Take a look at these files and note how data flow in and out of first fastp
then SeqPrep
.
Last but not least, at the top level of the repo, you will also find the slurm-example.sh
script
that you will use as a template to submit jobs on the cluster.
At the top level of this repo, you will also find the
Commands_Cheatsheet.md
with some basic commands that you can always use if you need any help and the Additional_exercise.md file with an extra exercise focusing on Docker.
First, we will run a single tool. Navigate to the tools/fastp
directory.
View the .cwl
script using the nano
editor and note the CommandLineTool
flag in the class
argument at the very top of the file.
(Note that the ^
character in nano
signifies the CONTROL key.)
In the hints
section, check the DockerRequirement
flag: the dockerPull command fetches the corresponding software from DockerHub.
Can you find the microbiomeinformatics/pipeline-v5.fastp:0.20.0
Docker image on DockerHub?
(if not, here it is).
Now, let's run the fastp
tool.
Copy the slurm-example.sh
file to the current fastp
folder, giving it a specific name for the specific job to run:
# current working directory is the top level of the repo, i.e. /home/<username>/hackathon2022
cp slurm-example.sh tools/fastp/slurm-fastp.sh
cd tools/fastp/
Using the nano
editor, add the following command to the slurm-fastp.sh
file and give the job a <9 letter name:
cwltool fastp.cwl fastp.yml
Next submit the job to the SLURM queue:
sbatch slurm-fastp.sh
(Note: you can monitor the progress of your job using the squeue
command - but it will only take ~10 seconds.)
Once the job is finished, let's see the outcome!
ls
fastp.html fastp.json wgs-paired-SRR1620013_1.fastq.fastp.fastq wgs-paired-SRR1620013_2.fastq.fastp.fastq ..
Open a new terminal and download fastp.html
to your local machine using the secure-copy command scp
(or any other file transfer sotfware you have installed) and open it in a web-browser.
scp <username>@ceta.ualg.pt:~/hackathon2022/tools/fastp/fastp.html .
The results are also recorded in JSON format: fastp.json
. JSON is a machine operable format and can be read and manipulated by programming languages. The following command extracts the command used to execute fastp
:
python3 -c "import json; print(json.load(open('fastp.json'))['command'])"

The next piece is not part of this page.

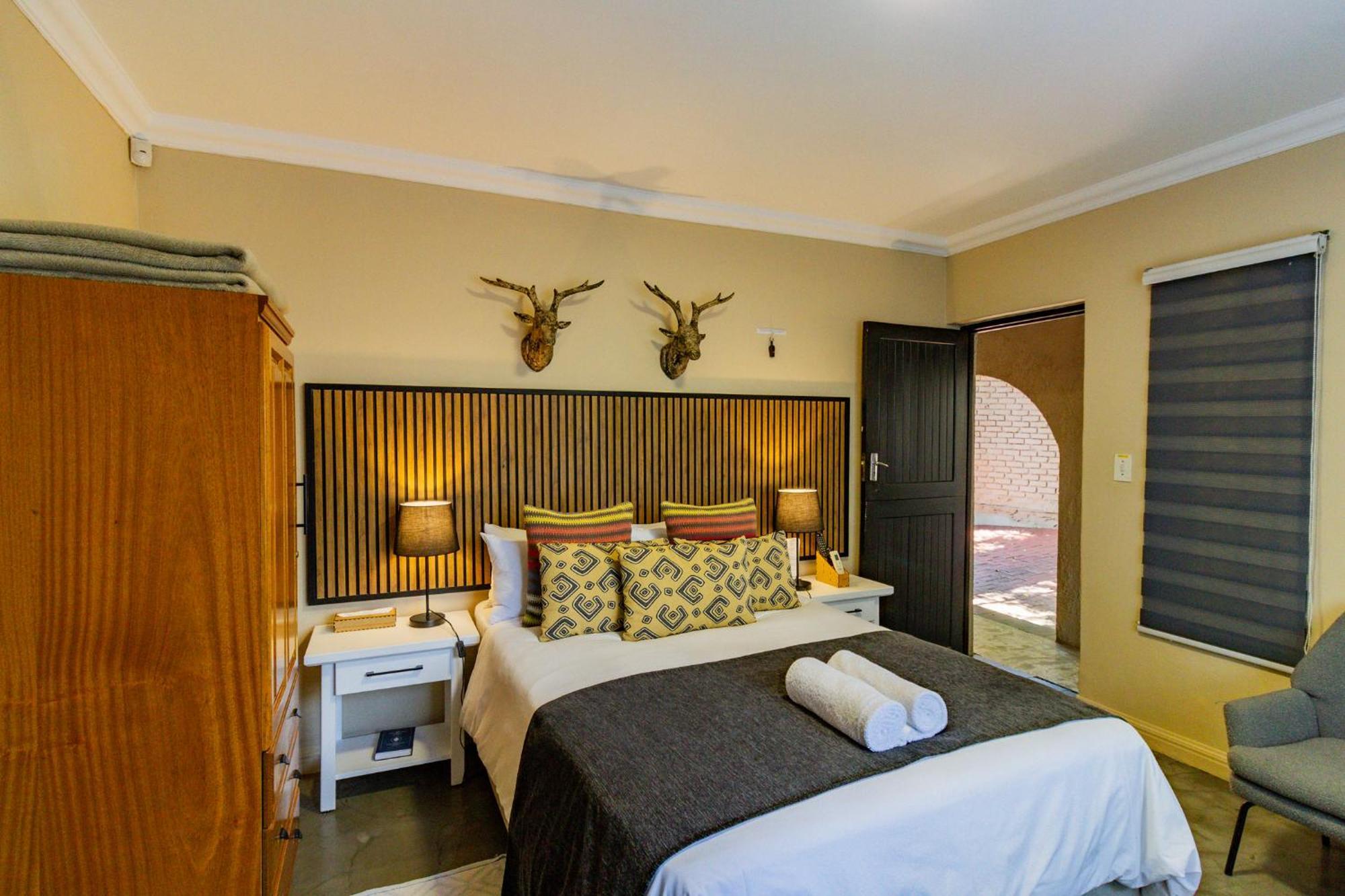 Pumleni Guesthouse Hartbeespoort Exterior photo
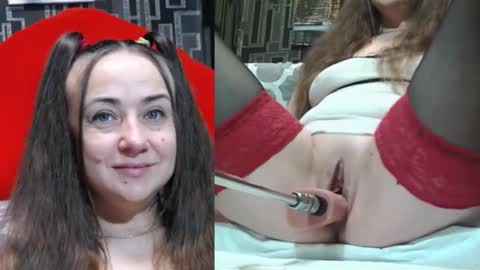 Snapshot of pearl_helen chatting on 11.23.25 pearl_helen online show from 11.23.25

Make sure you understand how the command was built from the .cwl
and .yml
files.
Move to the top-level directry (hackathon2022
).
Let us review the hack_wf.cwl
script there.
The class of this .cwl
workflow is Workflow
and not CommandLineTool
that was used when we were only running a single software (e.g. in fastp.cwl). An extra section is present in this CWL file; in the section steps
we invoke the two pieces of software that are in the tools
folder.
- Can you see how the output of the
fastp
tool is provided as in input in theSeqPrep
?
Let us now run the workflow. Write another SLURM queue submission script with the following command and submit it to the queue:
cwltool --outdir 2step-wf hack_wf.cwl hack_wf.yml
The job will take ~20secs, once completed, check the output directory!
Multiple parameters can be set even in this short, 2-step workflow.
During the hands-on, we will discuss some of those and each one of you will edit a parameter.
Then we will run again the workflow and see what happens!